[postgis-devel] Discussion about routing in PostGIS

Thu Apr 7 13:28:03 PDT 2005

I think that in order to do routing _well_ in the database, there first 
needs to be some concept of graph structure storage in the database. It 
is clearly _possible_ to build a graph using standard geometries with 
node ID's and/or edge ID's, and using standard indexes on the ID's will 
speed up access to them. But  traversing this network will be pretty 
slow if done by querying one ID at a time (ie. get all edges adjacent to 
this node, repeated many times over). The only alternative (if using 
standard database tables and indexes) is to read the entire table into 
memory and build an in-memory graph data structure - which will 
obviously be much faster, but we will be limited to dealing with graph 
structures that are small enough to fit into memory - a limitation which 
I don't think is acceptable.

So, I think to do this right, we need a way to store a graph structure 
in the database which is somehow more advanced than just a table of 
geometries with their adjacencies identified. What we want is a way to 
store on disk, the same graph structure that we would build in memory, 
in a randomly-accessible fashion. That is to say, connected sub-graphs 
of the complete graph should be stored in each table row, with some kind 
of index to allow speedy access to the nieghboring sub-graphs.

My idea to build this "graph table" is something like this:

1) break the graph into connected sub-graphs, with every edge belonging 
to exactly one subgraph, and every node belonging to one or more sub-graph
2) index the graphs by the IDs of the of nodes on the edge of the subgraph

Now we can change the "get all edges adjacent to this node" query to a 
"get all subgraphs adjacent to this node" query, which will have to be 
done significantly fewer times within any given algorithm (eg. 
shortest-path/routing).

I'm not sure what the ideal characteristics of the subgraphs are. They 
definitely need to fit into a reasonable amount of memory - probably 
fitting them into the page size of the database would be the way to go. 
The geometric and topological characteristics need to be considered as 
well... the more nodes inside each subgraph, and the fewer nodes on the 
edges of each subgraph, the fewer queries will be required to traverse 
them (I think?). Should they be geometrically clustered, or 
topologically clustered?

One way I might see this working is that the graph structure table is 
initially constructed from the geometry table, and then a trigger causes 
any updates to the geometry table to cause similar updates in the graph 
table - if this is the case, we also need to consider how our 
subgraphing algorithm will be affected by updates to the geometries - 
ideally the subgraphs will be able to shrink, and to grow and eventually 
split, in an organic fashion.

Also, we would need to decide whether the attributes and/or geometries 
of the features associated with each edge of the graph should be stored 
inside the graph structure, or not. If they are not, then the edges of 
the graph would simply store pointers to the associated features, and 
our graph stucture becomes more of a new type of index than anything 
else. I don't know if this sort of "graph index" could be implemented 
using GiST, but I think it may be too different of an idea for GiST to 
handle.

For the specific application of routing, it makes sense to store the 
cost of each edge inside the graph structure, as this is the only 
attribute (including the geometry) of interest for each edge. This could 
be an optional additional piece of information stored in the index, or 
we could decide that the graph should actually be stored its own table, 
completely separate from the original feature table once it has been built.
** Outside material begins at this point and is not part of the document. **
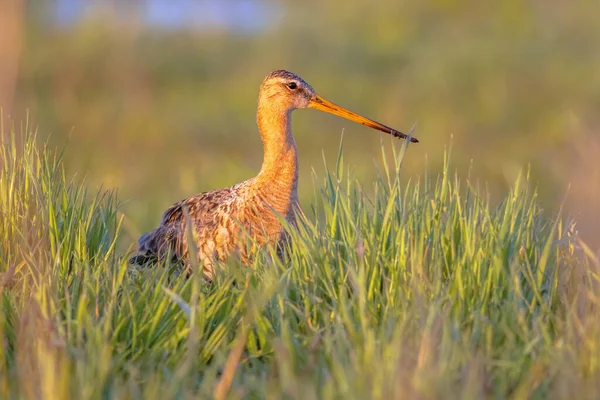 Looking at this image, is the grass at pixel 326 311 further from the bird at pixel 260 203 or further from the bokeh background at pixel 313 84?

Sorry if I'm rambling here, but since we're brainstormning, I think it 
is relevant.

After considering the above, I think the idea that I like best is to 
implement the graph structure inside a new kind of index on the geometry 
table. This index would either need some additional parameters to 
specify exactly how the graph is built, or the geometry table would be 
required to have specific field names for the pieces of information 
required to build the graph (node IDs). The index could also have the 
option of storing the weight value of each edge inside the index, in 
order to speed up routing-oriented queries.

Having not done much of the work on PostGIS, and never working 
specifically within the Postgresql code, I'm guessing this would require 
significant work, probably as much or more than PostGIS itself, and it 
may need to be tightly integrated into postgresql (ie. need to have 
changes made within postgresql in order to support it). Paul Ramsey and 
I have discussed this sort of functionality before... I think it would 
be very exciting to implement and could potentially be very "killer app" 
to add to PostGIS - as if PostGIS wasn't already a killer app itself ;)

I think I'll leave it at that for now...

Chris